User tells the user agent to pretend to have the feature, but supplying synthetic camera data or severely downgraded real camera data instead. The user agent could switch to actual full quality camera data at runtime at the user's request. This would be transparent to the application from the API side. (The app could potentially detect this change by analyzing received camera images, but it wouldn't be involved in requesting the runtime change.)

Bigger picture, how important is it to support this runtime feature selection? Would it make sense to just start out with everything being requested at session creation time for the initial launch, and tackling dynamic features in a followup? If we can make exiting/re-entering sessions pretty quick and seamless, would that be good enough? Note that exiting/re-entering wouldn't necessarily involve taking off a VR headset, i.e. Daydream's VR browser makes this pretty seamless.

@toji wrote:

At which point you can gain a fuzzy idea of a single bit of data. Which seems like... a lot?

I'm not sure how to parse that - did you mean "seems like a lot of effort to get a single bit of data"?

blairmacintyre commented 5 years ago

To be clear, I was trying to say that the app should know if the session supports a feature, not that the browser/device supports a feature.

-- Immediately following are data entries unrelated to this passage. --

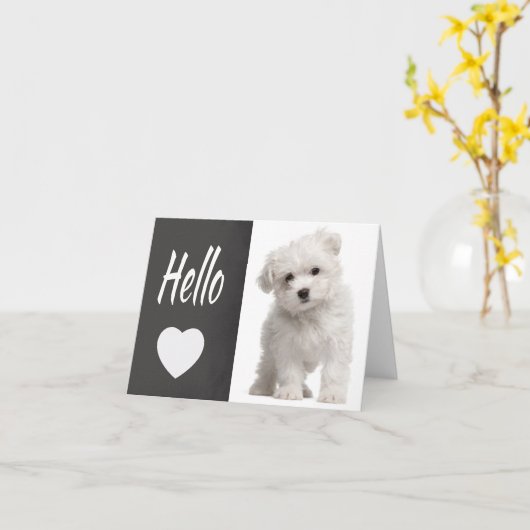 Hello White Maltese Puppy Dog Chalkboard Note Card Kaart (Gele Bloem)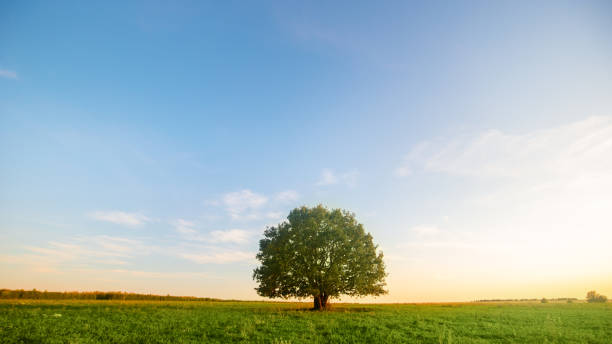istock Lonely green oak tree in the field 1240212032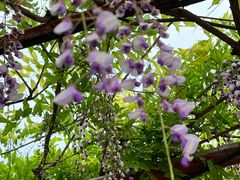 -嘉定紫藤园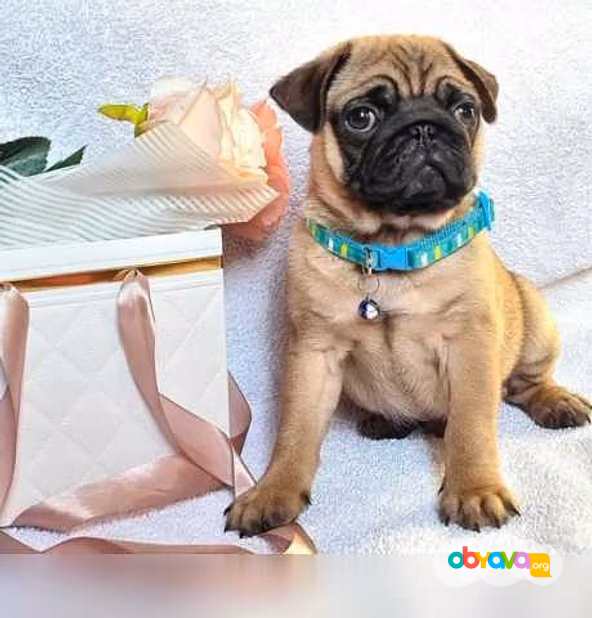 Продам: щенки мопса
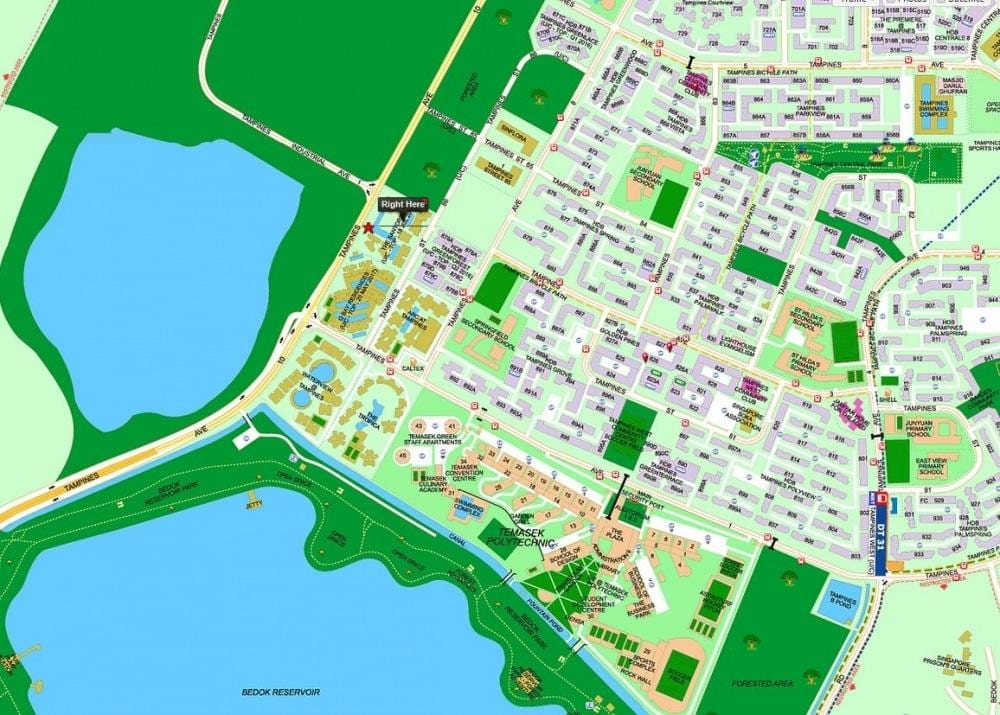 žemėlapis tampines Singapūras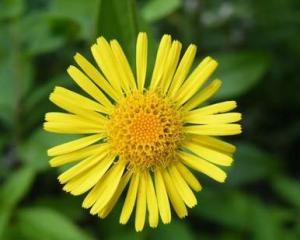 旋复花(拉丁学名:inula japonica thunb,菊目菊科旋复花属植物.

I do not think that the session should indicate what features the device is capable of.

So, a session would say geoorientation = false if the session doesn't support it; this probably means the browser doesn't support it, since it's not something I think we need permissions for.

But, a session might say facedetection = false if the session doesn't allow it, perhaps because the user denied it, perhaps because the session doesn't support it.

klausw commented 5 years ago

I fully agree that this should all be based on per session support - if the user (or user agent on behalf of the user) decide to keep a feature disabled for a session, this should look the same from the app's perspective as if the device inherently couldn't support the feature due to hardware limitations. Also, an app should be able to deal with a capability change when the user stops and restarts a session. This may be due to the user examining an application first before deciding on granting advanced environment access for a second session.

Conversely, I'd also be open to the idea that a user agent could claim support for features that are actually emulated, i.e. 6DoF movement via thumbstick locomotion for users who don't have enough space for roomscale or have mobility restrictions. There may be cases where this would be undesirable for an application, for example in a competitive multiplayer game, but arguably this kind of problem already exists on the web platform where the user could be running a modified browser.

johnpallett commented 5 years ago

It's not clear whether bespoke feature requests (after session creation) can be supported across all platforms in a way that gives developers a predictable cross-platform user experience.

For example, different platforms may give the user agent different options for how to present a trusted interface, but those differences can result in significantly different user experiences:

On an HMD with a handheld input device, a user agent might reserve certain inputs (e.g. a home button) as an affordance for the user to confirm that a user interface can be trusted;
On a standalone HMD without a handheld input device, a user agent might require that the immersive session be suspended in order to present a trusted interface;
On a desktop or mobile device without an HMD, similar to HTML5 fullscreen the user agent may have no alternative but to suspend/resume the session in order to present a trusted interface (one analysis for HTML5 fullscreen is here);
On a tethered HMD, a user agent might preserve the session, but may or may not require the user to remove the headset in order to present a trusted interface on the desktop;
On other form factors such as CAVE systems there may be additional input constraints or requirements for the persistence of the session that limit the ability for the presentation of a trusted interface (or the ability to gain consent) in other ways. In the extreme, such systems may not physically be capable of supporting bespoke feature requests.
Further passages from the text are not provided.